La nouvelle alliance entre Intel et l’écosystème tentaculaire d’Elon Musk n’est pas qu’un mariage industriel de plus dans la Silicon Valley : c’est un révélateur de la nouvelle géopolitique mondiale des semi‑conducteurs. Musk, lassé de dépendre des géants asiatiques pour alimenter Tesla, SpaceX et xAI, veut désormais ses propres puces. Intel, relégué derrière TSMC et Samsung, y voit une bouée de sauvetage — ou une chance de redevenir indispensable à l’Occident. Cette convergence d’intérêts crée un duo transatlantique où le privé dicte l’agenda technologique, bien plus vite que n’importe quelle stratégie nationale.
Vue depuis le Sud global, cette dynamique ressemble à un remake technologique de la vieille course aux empires : les États-Unis réinternalisent leur production, l’Europe bataille pour l’autonomie, et la Chine accélère ses avancées locales malgré les sanctions. À Rabat comme à Jakarta, des diplomates me rappellent que la « souveraineté numérique » se joue désormais sur la capacité à sécuriser des chaînes d’approvisionnement — et non plus seulement sur la main‑d’œuvre ou le marché intérieur. L’alliance Musk‑Intel vient ainsi renforcer le front occidental au moment même où Pékin perfectionne ses alternatives à 5 nm et où Bruxelles galère à concrétiser son Chips Act.
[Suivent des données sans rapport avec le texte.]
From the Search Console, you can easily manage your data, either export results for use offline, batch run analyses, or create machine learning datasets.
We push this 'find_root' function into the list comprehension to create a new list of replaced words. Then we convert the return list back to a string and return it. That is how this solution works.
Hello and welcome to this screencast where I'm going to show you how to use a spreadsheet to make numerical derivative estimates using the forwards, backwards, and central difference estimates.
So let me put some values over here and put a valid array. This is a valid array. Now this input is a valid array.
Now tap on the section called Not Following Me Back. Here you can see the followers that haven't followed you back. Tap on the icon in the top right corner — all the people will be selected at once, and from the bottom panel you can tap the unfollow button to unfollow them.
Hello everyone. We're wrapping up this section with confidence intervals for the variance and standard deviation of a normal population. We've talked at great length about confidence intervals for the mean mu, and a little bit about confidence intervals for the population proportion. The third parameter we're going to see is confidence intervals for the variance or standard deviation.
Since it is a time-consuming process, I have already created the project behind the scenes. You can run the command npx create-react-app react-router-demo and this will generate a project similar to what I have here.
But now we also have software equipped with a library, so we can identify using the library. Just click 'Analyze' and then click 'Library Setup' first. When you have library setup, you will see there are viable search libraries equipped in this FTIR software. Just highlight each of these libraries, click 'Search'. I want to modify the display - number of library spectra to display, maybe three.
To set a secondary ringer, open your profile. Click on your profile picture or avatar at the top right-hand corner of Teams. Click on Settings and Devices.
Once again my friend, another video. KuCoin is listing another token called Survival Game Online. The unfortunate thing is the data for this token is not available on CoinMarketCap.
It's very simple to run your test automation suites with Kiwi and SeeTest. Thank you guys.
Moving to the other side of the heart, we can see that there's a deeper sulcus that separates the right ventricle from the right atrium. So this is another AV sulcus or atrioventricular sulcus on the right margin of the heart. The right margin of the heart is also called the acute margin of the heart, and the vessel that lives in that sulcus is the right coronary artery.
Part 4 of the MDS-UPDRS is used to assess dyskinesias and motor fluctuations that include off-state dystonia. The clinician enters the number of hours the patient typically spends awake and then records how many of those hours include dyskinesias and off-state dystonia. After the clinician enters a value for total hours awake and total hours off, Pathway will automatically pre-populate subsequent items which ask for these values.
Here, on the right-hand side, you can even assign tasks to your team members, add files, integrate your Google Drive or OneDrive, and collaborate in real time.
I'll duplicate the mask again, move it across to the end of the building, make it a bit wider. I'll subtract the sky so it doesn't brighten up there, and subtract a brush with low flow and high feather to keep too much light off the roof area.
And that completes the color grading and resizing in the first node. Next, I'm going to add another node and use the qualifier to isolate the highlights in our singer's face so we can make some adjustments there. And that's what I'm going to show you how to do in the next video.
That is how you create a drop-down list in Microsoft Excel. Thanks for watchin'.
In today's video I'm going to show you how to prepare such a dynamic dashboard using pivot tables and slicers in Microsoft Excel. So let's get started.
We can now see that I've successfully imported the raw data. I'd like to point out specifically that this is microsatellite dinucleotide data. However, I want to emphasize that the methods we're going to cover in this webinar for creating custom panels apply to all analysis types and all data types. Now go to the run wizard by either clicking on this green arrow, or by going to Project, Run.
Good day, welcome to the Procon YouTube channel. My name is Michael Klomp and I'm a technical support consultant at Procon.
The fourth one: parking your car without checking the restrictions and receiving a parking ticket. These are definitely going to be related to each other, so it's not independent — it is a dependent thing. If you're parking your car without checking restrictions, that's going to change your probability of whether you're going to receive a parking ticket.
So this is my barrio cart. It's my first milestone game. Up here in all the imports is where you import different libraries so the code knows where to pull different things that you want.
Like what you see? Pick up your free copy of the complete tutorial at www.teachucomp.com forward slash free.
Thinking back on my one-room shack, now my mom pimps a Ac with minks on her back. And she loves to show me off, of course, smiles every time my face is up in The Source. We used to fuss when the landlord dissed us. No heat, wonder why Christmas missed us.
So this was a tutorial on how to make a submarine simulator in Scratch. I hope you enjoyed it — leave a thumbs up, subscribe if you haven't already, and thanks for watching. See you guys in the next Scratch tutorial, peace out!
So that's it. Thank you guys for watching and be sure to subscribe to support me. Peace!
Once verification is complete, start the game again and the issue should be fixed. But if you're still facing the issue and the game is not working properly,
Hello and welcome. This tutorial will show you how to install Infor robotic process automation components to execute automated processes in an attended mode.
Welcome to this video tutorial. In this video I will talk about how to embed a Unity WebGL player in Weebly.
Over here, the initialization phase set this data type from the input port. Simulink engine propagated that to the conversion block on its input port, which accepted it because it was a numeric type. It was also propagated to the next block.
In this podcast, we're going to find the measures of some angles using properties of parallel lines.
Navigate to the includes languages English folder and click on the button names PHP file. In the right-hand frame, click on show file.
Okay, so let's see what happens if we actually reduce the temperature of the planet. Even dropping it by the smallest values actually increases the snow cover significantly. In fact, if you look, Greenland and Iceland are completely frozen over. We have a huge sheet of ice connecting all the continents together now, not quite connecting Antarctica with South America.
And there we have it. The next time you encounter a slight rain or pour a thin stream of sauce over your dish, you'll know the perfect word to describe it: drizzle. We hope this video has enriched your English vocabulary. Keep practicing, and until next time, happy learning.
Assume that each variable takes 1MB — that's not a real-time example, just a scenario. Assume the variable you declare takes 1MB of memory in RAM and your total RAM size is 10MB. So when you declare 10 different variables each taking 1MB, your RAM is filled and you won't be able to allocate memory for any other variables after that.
Les experts que j’ai contactés au sein d’ONG technologiques tirent, eux, une sonnette d’alarme plus démocratique que géostratégique. « Quand la fabrication des puces, l’infrastructure spatiale et les modèles d’IA reposent sur les mêmes acteurs privés, on ne parle plus d’innovation : on parle de dépendance systémique », analyse une chercheuse du Tech Transparency Lab basée à Nairobi. Le risque n’est pas simplement économique : c’est la capacité d’un petit nombre d’entreprises à fixer les règles d’accès à l’information, à la connectivité et aux outils d’IA pour des milliards de personnes, sans contrôle public réel.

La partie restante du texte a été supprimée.